Poignards à double lame, et frappant en deux sens ;
Et le grand syllogisme en forme régulière,
Et le sophisme vain de sa fausse lumière ;
Des moines échauffés, vrai fléau des docteurs,
De pauvres Hibernois, complaisants disputeurs,
Qui, fuyant leur pays pour les saintes promesses,
Viennent vivre à Paris d’arguments et de messes ;
Et l’honnête public qui, même écoutant bien,
A la saine raison de n’y comprendre rien.
Voilà donc les leçons qu’on prend dans vos écoles !

Mais tous les arguments sont-ils faux ou frivoles ?
Socrate disputait jusque dans les festins,
Et tout nu quelquefois argumentait aux bains.
Était-ce dans un sage une folle manie ?
La contrariété fait sortir le génie.
La veine d’un caillou recèle un feu qui dort ;
Image de ces gens, froids au premier abord.
Et qui dans la dispute, à chaque repartie,
Sont pleins d’une chaleur qu’on n’avait point sentie.

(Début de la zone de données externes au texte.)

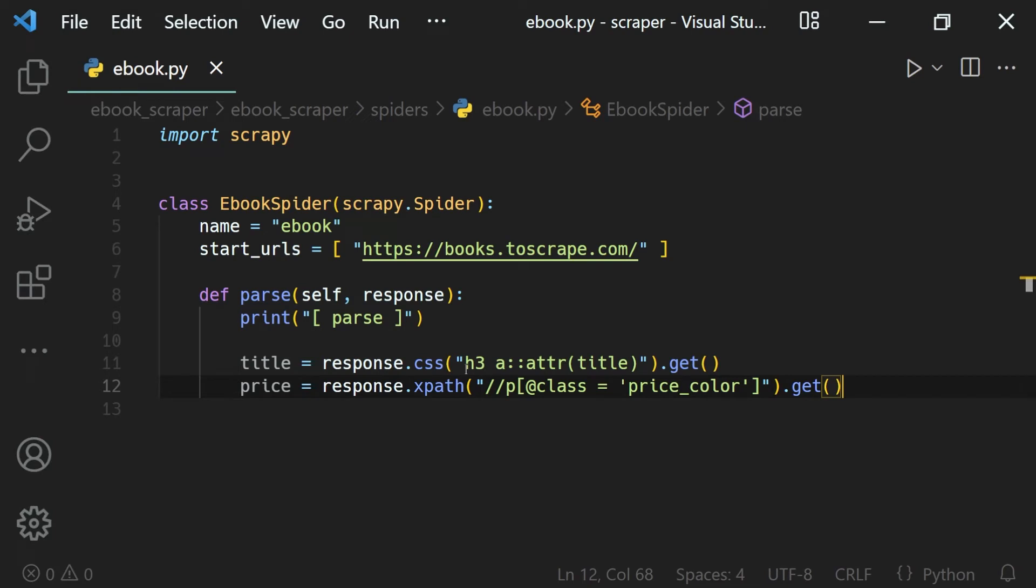In this lesson, we will learn what Scrapy Shell is and how we can make use of it. When discussing CSS selectors and XPath, we had to run the spider again and again to get the result.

C’est un bien, j’y consens. Quant au mal, le voici :
Plus on a disputé, moins on s’est éclairci.
On ne redresse point l’esprit faux ni l’œil louche.
Ce mot j’ai tort, ce mot nous déchire la bouche.
Nos cris et nos efforts ne frappent que le vent.
Chacun dans son avis demeure comme avant.
C’est mêler seulement aux opinions vaines
Le tumulte insensé des passions humaines.
Le vrai peut quelquefois n’être point de saison ;
Et c’est un très-grand tort que d’avoir trop raison.